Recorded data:
==*==

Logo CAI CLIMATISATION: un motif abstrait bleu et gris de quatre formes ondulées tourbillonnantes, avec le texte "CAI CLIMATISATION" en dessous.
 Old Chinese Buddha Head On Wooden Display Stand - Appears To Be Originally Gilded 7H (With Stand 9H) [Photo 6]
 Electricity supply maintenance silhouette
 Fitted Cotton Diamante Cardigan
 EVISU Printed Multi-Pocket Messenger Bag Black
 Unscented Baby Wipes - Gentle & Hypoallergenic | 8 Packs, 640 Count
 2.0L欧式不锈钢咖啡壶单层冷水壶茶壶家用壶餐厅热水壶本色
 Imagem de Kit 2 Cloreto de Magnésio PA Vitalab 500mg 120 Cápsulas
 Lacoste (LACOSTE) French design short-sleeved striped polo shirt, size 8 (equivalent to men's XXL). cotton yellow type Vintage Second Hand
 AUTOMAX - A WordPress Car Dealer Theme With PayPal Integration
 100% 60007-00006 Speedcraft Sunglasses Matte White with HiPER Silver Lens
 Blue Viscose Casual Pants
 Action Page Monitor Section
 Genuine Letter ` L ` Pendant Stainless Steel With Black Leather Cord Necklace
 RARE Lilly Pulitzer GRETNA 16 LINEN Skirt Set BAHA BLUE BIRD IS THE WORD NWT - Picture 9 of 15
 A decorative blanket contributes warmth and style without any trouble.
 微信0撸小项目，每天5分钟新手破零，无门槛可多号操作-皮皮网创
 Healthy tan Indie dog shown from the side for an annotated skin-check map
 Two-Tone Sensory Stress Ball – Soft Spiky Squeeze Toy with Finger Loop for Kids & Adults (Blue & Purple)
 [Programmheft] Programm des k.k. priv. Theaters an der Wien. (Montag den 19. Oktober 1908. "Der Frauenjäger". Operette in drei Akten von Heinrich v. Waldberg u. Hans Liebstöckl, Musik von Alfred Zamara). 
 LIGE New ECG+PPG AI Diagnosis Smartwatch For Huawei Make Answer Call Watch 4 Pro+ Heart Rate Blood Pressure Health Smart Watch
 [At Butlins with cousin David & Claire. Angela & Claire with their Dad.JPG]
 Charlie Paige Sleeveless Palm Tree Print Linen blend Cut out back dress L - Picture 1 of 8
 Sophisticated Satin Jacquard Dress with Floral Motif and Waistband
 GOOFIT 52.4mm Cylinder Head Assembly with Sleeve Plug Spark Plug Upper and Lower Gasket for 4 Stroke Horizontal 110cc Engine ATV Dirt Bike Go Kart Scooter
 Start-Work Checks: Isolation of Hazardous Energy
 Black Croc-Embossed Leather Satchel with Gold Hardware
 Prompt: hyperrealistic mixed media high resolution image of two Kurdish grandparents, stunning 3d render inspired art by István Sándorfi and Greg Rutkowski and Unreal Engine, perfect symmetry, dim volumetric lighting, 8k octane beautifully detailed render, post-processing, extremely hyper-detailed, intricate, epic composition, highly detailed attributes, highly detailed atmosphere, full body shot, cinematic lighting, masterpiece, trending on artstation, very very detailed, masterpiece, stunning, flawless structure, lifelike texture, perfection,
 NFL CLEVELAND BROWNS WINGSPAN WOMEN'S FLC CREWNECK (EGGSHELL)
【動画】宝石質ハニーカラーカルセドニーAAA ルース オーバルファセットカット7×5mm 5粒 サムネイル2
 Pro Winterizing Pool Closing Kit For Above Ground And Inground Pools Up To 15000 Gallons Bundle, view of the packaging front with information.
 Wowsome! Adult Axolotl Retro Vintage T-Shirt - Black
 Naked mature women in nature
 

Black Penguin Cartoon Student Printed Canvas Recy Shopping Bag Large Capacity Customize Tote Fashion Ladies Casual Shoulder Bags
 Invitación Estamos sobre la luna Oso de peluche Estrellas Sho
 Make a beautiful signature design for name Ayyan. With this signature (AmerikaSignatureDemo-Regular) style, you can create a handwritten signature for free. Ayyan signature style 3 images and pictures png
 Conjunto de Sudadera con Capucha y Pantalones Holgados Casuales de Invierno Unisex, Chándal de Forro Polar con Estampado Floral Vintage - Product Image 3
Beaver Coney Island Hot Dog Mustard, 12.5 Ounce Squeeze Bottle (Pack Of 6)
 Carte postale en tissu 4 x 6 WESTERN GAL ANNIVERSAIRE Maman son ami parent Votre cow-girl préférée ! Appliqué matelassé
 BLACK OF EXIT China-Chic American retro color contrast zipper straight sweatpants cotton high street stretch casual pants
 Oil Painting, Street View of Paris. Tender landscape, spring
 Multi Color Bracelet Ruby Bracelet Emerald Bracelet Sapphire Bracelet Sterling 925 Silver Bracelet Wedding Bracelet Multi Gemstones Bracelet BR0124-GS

==*==

No line may be left out; the records are to be transcribed in full.

Logo CAI CLIMATISATION: un motif abstrait bleu et gris de quatre formes ondulées tourbillonnantes, avec le texte "CAI CLIMATISATION" en dessous.
 Old Chinese Buddha Head On Wooden Display Stand - Appears To Be Originally Gilded 7H (With Stand 9H) [Photo 6]
 Electricity supply maintenance silhouette
 Fitted Cotton Diamante Cardigan
 EVISU Printed Multi-Pocket Messenger Bag Black
 Unscented Baby Wipes - Gentle & Hypoallergenic | 8 Packs, 640 Count
 2.0L欧式不锈钢咖啡壶单层冷水壶茶壶家用壶餐厅热水壶本色
 Imagem de Kit 2 Cloreto de Magnésio PA Vitalab 500mg 120 Cápsulas
 Lacoste (LACOSTE) French design short-sleeved striped polo shirt, size 8 (equivalent to men's XXL). cotton yellow type Vintage Second Hand
 AUTOMAX - A WordPress Car Dealer Theme With PayPal Integration
 100% 60007-00006 Speedcraft Sunglasses Matte White with HiPER Silver Lens
 Blue Viscose Casual Pants
 Action Page Monitor Section
 Genuine Letter ` L ` Pendant Stainless Steel With Black Leather Cord Necklace
 RARE Lilly Pulitzer GRETNA 16 LINEN Skirt Set BAHA BLUE BIRD IS THE WORD NWT - Picture 9 of 15
 A decorative blanket contributes warmth and style without any trouble.
 微信0撸小项目，每天5分钟新手破零，无门槛可多号操作-皮皮网创
 Healthy tan Indie dog shown from the side for an annotated skin-check map
 Two-Tone Sensory Stress Ball – Soft Spiky Squeeze Toy with Finger Loop for Kids & Adults (Blue & Purple)
 [Programmheft] Programm des k.k. priv. Theaters an der Wien. (Montag den 19. Oktober 1908. "Der Frauenjäger". Operette in drei Akten von Heinrich v. Waldberg u. Hans Liebstöckl, Musik von Alfred Zamara). 
 LIGE New ECG+PPG AI Diagnosis Smartwatch For Huawei Make Answer Call Watch 4 Pro+ Heart Rate Blood Pressure Health Smart Watch
 [At Butlins with cousin David & Claire. Angela & Claire with their Dad.JPG]
 Charlie Paige Sleeveless Palm Tree Print Linen blend Cut out back dress L - Picture 1 of 8
 Sophisticated Satin Jacquard Dress with Floral Motif and Waistband
 GOOFIT 52.4mm Cylinder Head Assembly with Sleeve Plug Spark Plug Upper and Lower Gasket for 4 Stroke Horizontal 110cc Engine ATV Dirt Bike Go Kart Scooter
 Start-Work Checks: Isolation of Hazardous Energy
 Black Croc-Embossed Leather Satchel with Gold Hardware
 Prompt: hyperrealistic mixed media high resolution image of two Kurdish grandparents, stunning 3d render inspired art by István Sándorfi and Greg Rutkowski and Unreal Engine, perfect symmetry, dim volumetric lighting, 8k octane beautifully detailed render, post-processing, extremely hyper-detailed, intricate, epic composition, highly detailed attributes, highly detailed atmosphere, full body shot, cinematic lighting, masterpiece, trending on artstation, very very detailed, masterpiece, stunning, flawless structure, lifelike texture, perfection,
 NFL CLEVELAND BROWNS WINGSPAN WOMEN'S FLC CREWNECK (EGGSHELL)
【動画】宝石質ハニーカラーカルセドニーAAA ルース オーバルファセットカット7×5mm 5粒 サムネイル2
 Pro Winterizing Pool Closing Kit For Above Ground And Inground Pools Up To 15000 Gallons Bundle, view of the packaging front with information.
 Wowsome! Adult Axolotl Retro Vintage T-Shirt - Black
 Naked mature women in nature
 

Black Penguin Cartoon Student Printed Canvas Recy Shopping Bag Large Capacity Customize Tote Fashion Ladies Casual Shoulder Bags
 Invitación Estamos sobre la luna Oso de peluche Estrellas Sho
 Make a beautiful signature design for name Ayyan. With this signature (AmerikaSignatureDemo-Regular) style, you can create a handwritten signature for free. Ayyan signature style 3 images and pictures png
 Conjunto de Sudadera con Capucha y Pantalones Holgados Casuales de Invierno Unisex, Chándal de Forro Polar con Estampado Floral Vintage - Product Image 3
Beaver Coney Island Hot Dog Mustard, 12.5 Ounce Squeeze Bottle (Pack Of 6)
 Carte postale en tissu 4 x 6 WESTERN GAL ANNIVERSAIRE Maman son ami parent Votre cow-girl préférée ! Appliqué matelassé
 BLACK OF EXIT China-Chic American retro color contrast zipper straight sweatpants cotton high street stretch casual pants
 Oil Painting, Street View of Paris. Tender landscape, spring
 Multi Color Bracelet Ruby Bracelet Emerald Bracelet Sapphire Bracelet Sterling 925 Silver Bracelet Wedding Bracelet Multi Gemstones Bracelet BR0124-GS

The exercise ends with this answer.